_WHAT THE EXERCISE ASKS_
Return each line of the data below verbatim; pictures are to be left out.

Excerpts from a dataset:
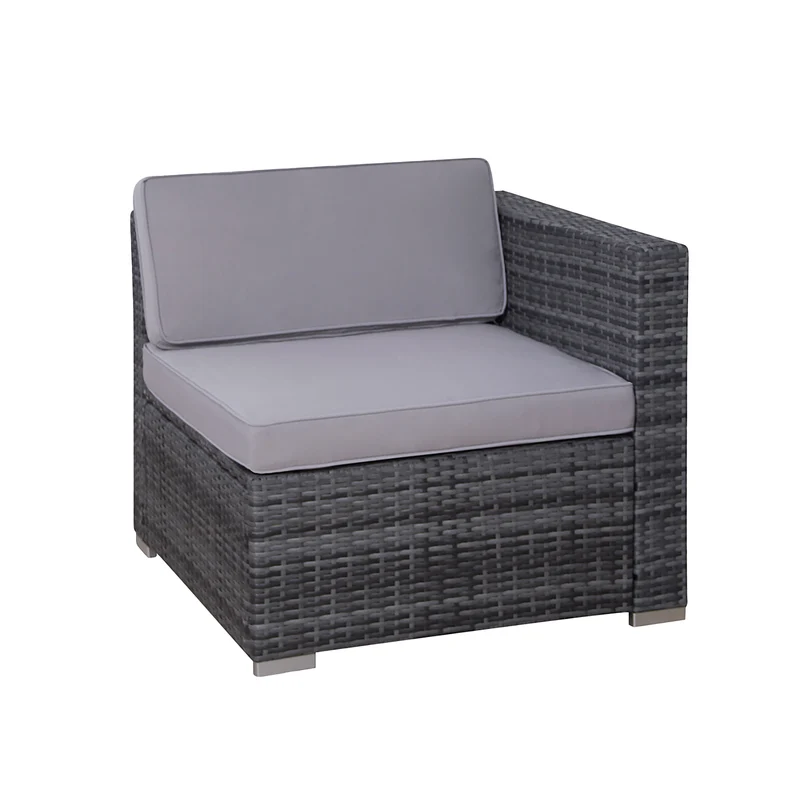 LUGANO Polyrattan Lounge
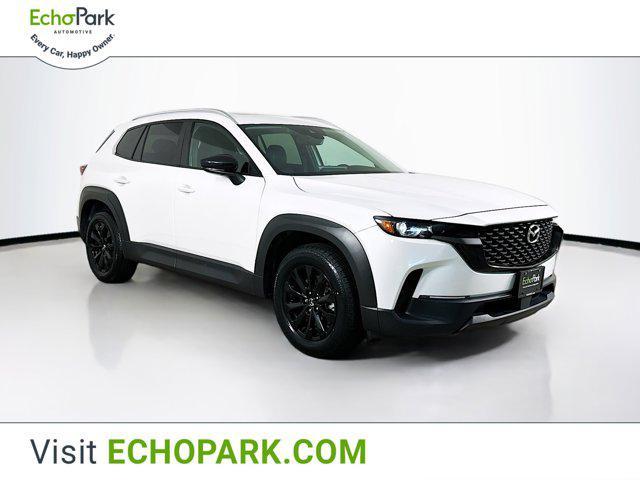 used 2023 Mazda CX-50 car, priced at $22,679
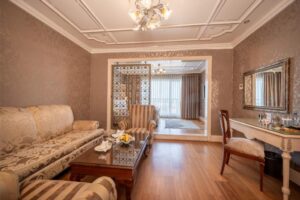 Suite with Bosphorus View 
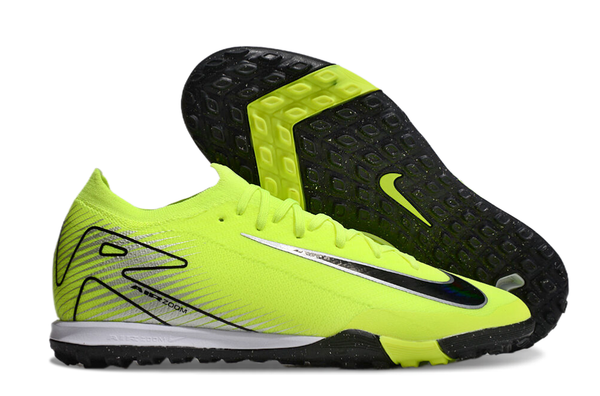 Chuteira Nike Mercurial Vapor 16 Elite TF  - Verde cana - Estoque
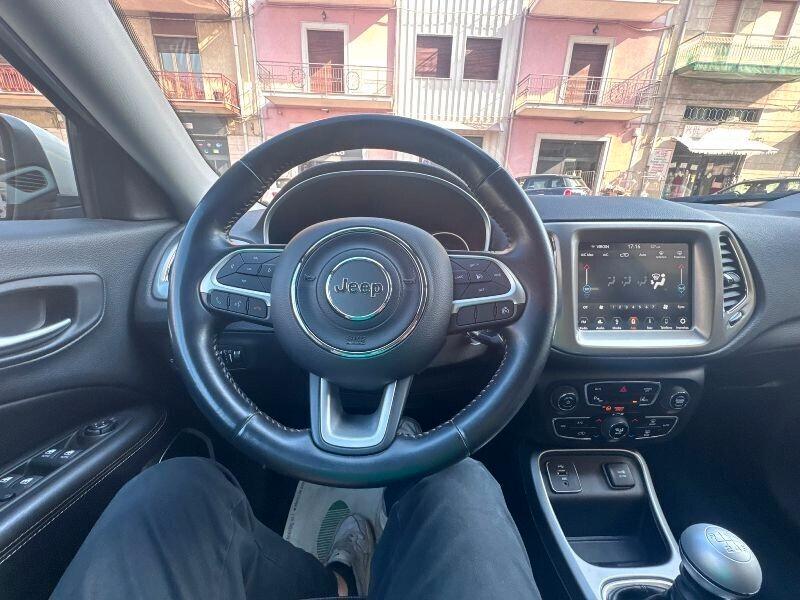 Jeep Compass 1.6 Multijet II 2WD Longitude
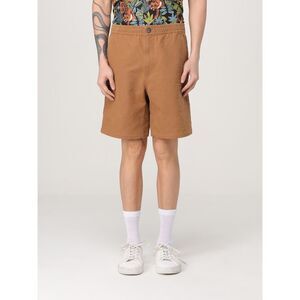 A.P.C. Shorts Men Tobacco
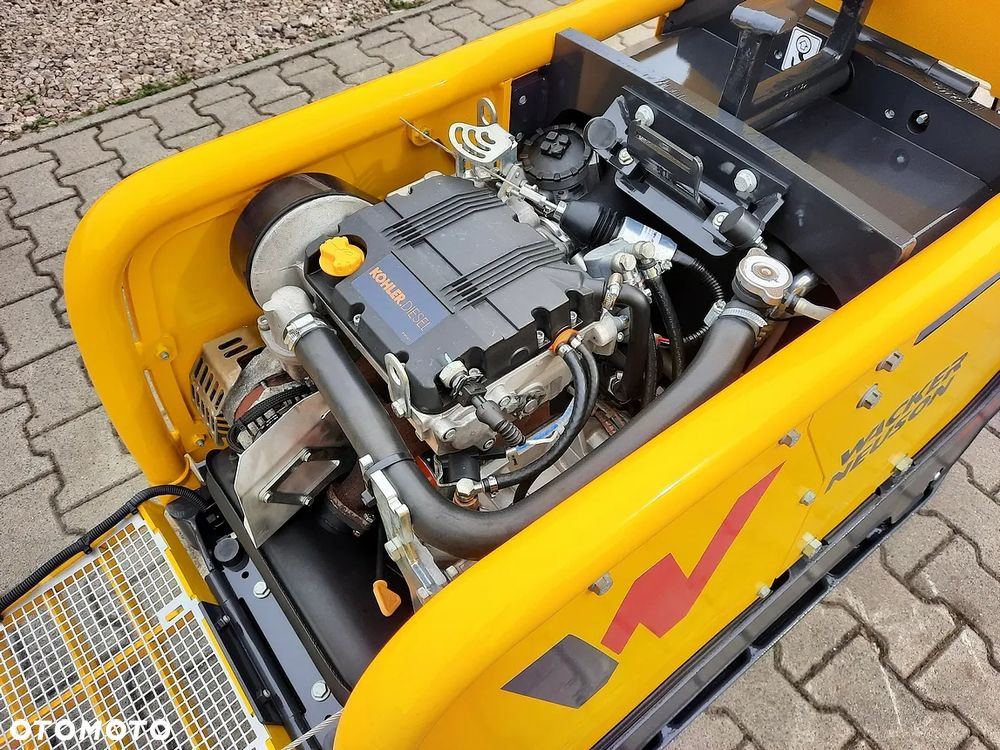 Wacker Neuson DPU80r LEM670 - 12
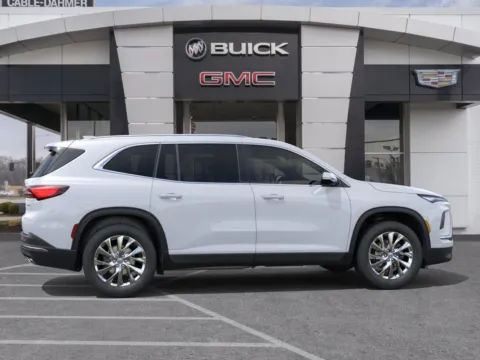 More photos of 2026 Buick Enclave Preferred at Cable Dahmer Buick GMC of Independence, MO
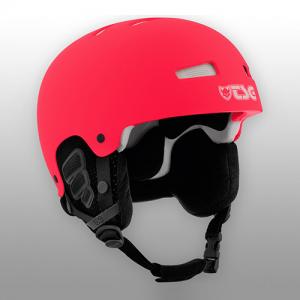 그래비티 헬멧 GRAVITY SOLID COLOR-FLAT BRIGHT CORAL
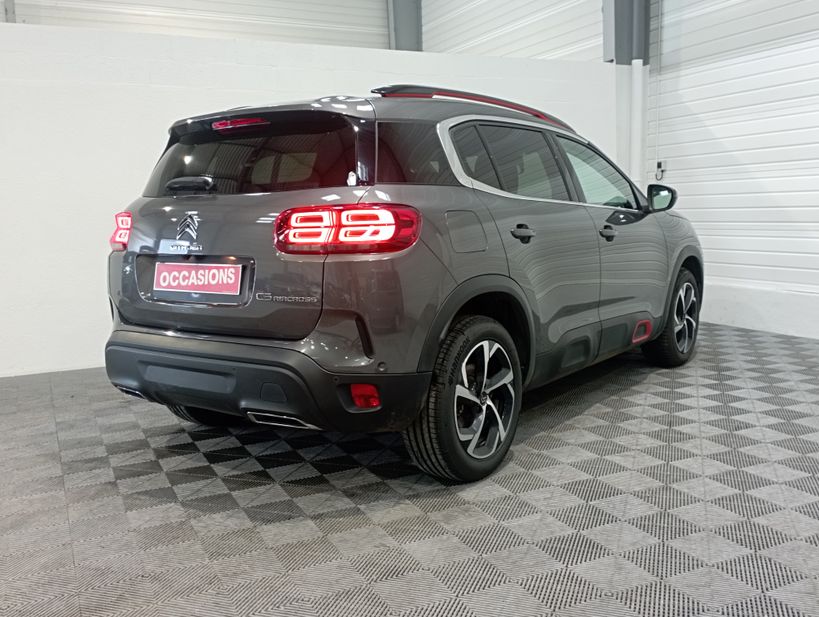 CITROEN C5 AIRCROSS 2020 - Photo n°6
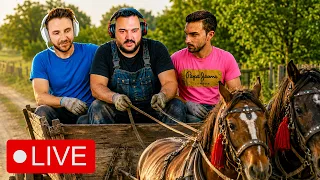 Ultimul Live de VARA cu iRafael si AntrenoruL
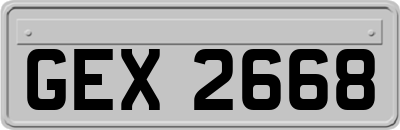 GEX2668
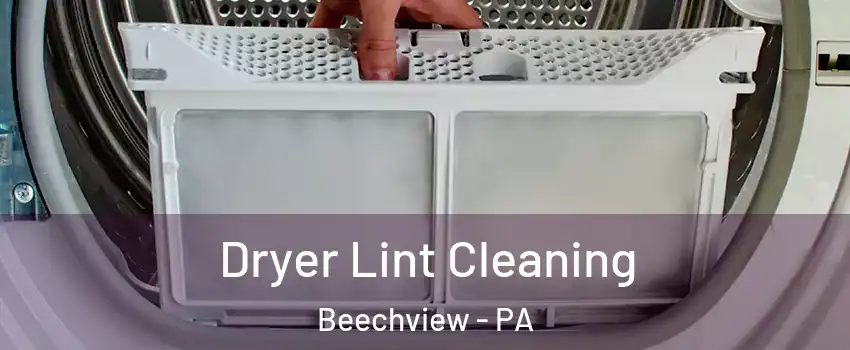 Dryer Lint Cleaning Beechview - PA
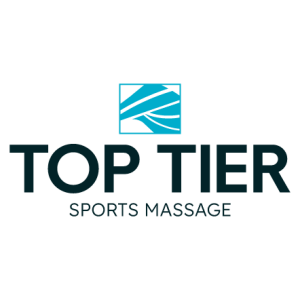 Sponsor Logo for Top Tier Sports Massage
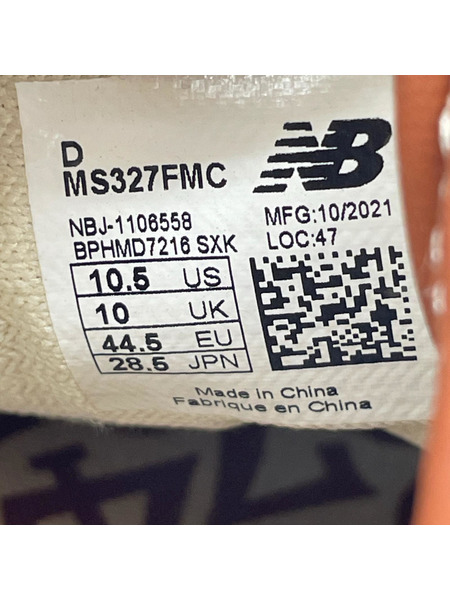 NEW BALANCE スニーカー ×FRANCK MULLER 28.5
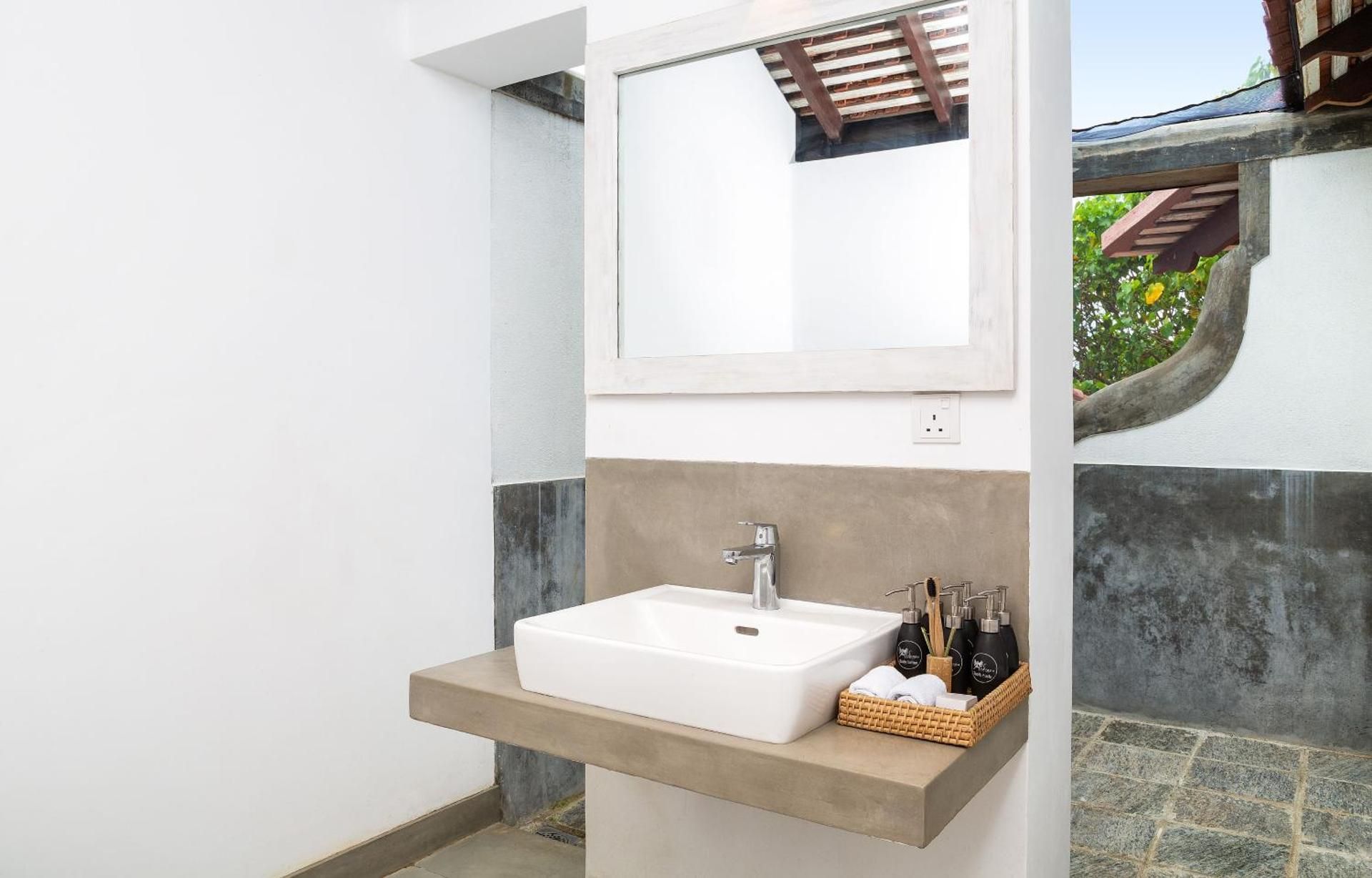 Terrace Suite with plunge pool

_EXERCISE RESULT_
 LUGANO Polyrattan Lounge
 used 2023 Mazda CX-50 car, priced at $22,679
 Suite with Bosphorus View 
 Chuteira Nike Mercurial Vapor 16 Elite TF  - Verde cana - Estoque
 Jeep Compass 1.6 Multijet II 2WD Longitude
 A.P.C. Shorts Men Tobacco
 Wacker Neuson DPU80r LEM670 - 12
 More photos of 2026 Buick Enclave Preferred at Cable Dahmer Buick GMC of Independence, MO
 그래비티 헬멧 GRAVITY SOLID COLOR-FLAT BRIGHT CORAL
 CITROEN C5 AIRCROSS 2020 - Photo n°6
 Ultimul Live de VARA cu iRafael si AntrenoruL
 GEX2668
 Dryer Lint Cleaning Beechview - PA
 Sponsor Logo for Top Tier Sports Massage
 NEW BALANCE スニーカー ×FRANCK MULLER 28.5
 Terrace Suite with plunge pool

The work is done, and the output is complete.